Required action → Within the material below, find each line bearing the word "Classics" and present it.

BEGIN

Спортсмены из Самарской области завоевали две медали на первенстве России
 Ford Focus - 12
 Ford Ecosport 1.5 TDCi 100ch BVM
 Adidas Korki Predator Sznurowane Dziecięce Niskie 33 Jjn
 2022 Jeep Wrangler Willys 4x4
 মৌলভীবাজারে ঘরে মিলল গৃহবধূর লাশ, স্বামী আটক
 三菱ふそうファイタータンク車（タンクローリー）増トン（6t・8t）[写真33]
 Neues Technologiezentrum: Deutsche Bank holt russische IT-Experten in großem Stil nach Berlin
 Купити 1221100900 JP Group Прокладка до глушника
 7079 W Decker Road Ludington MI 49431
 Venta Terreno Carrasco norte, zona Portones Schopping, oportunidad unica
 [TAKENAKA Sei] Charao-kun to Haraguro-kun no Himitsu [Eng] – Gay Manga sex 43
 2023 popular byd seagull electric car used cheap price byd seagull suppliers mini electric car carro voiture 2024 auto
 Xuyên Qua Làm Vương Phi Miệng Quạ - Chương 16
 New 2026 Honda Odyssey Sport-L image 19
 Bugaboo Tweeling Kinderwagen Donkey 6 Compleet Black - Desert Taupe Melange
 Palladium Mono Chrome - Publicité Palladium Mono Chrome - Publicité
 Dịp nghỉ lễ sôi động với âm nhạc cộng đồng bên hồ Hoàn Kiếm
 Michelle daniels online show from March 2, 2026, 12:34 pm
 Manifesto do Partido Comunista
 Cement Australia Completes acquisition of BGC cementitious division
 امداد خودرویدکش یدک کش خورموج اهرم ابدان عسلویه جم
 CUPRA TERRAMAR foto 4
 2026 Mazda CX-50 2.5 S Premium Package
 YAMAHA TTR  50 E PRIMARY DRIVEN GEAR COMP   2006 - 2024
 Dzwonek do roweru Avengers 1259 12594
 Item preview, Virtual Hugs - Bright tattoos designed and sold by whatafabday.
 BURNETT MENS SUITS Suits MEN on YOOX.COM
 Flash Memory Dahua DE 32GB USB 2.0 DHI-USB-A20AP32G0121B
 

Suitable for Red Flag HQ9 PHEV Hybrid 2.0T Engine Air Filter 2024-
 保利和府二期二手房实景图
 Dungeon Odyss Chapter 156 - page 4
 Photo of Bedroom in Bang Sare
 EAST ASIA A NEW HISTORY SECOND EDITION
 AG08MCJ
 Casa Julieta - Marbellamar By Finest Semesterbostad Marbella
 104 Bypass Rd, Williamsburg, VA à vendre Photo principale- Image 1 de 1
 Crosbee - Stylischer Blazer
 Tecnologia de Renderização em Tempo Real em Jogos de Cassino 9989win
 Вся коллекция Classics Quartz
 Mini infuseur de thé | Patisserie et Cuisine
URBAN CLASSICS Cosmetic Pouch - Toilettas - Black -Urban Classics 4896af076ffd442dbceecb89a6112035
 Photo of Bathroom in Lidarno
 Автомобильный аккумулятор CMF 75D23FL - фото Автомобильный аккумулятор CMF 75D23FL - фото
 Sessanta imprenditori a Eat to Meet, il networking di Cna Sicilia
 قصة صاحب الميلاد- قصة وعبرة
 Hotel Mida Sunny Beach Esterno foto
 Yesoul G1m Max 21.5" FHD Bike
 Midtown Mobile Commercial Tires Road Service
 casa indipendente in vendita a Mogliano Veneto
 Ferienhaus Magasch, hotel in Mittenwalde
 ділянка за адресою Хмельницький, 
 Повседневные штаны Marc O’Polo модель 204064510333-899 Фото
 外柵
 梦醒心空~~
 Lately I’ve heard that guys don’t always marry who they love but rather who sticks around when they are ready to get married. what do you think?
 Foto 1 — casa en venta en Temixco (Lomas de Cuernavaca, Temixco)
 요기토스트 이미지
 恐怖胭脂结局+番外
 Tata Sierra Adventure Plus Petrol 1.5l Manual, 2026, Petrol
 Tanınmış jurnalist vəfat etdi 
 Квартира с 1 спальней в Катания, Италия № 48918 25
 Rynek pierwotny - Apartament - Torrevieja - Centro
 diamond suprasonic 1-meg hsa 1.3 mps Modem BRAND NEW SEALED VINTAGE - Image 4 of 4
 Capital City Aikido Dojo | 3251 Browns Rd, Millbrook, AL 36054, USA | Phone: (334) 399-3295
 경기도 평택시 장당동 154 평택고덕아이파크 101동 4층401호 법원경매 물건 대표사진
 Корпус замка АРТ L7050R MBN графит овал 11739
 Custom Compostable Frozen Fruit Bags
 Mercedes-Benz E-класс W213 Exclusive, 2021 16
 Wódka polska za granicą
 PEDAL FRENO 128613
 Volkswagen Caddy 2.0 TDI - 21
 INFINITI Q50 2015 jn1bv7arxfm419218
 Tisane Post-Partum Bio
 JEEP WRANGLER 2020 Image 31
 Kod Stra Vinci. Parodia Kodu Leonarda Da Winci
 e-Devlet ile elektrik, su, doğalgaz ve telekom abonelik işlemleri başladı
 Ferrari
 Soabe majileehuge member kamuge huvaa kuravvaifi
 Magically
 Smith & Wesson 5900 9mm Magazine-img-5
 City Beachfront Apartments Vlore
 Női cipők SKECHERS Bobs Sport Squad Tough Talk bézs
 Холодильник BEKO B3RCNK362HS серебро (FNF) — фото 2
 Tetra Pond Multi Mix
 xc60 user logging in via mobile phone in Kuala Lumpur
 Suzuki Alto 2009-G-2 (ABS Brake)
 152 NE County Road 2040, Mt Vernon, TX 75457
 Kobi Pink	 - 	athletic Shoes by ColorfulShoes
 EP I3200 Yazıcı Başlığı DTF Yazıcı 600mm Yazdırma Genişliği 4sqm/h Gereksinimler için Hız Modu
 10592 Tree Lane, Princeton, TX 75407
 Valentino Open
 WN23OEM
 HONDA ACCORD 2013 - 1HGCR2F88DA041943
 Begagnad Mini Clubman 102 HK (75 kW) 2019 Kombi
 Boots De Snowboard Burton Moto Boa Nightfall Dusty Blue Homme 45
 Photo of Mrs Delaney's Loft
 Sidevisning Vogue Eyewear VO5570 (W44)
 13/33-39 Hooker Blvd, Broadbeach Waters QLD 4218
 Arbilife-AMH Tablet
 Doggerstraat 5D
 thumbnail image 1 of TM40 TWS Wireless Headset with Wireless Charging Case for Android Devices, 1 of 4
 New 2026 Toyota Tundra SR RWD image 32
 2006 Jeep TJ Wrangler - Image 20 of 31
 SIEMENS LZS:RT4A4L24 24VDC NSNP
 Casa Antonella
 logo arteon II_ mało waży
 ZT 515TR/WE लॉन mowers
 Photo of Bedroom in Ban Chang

END

Answer to this exercise →
 Вся коллекция Classics Quartz
URBAN CLASSICS Cosmetic Pouch - Toilettas - Black -Urban Classics 4896af076ffd442dbceecb89a6112035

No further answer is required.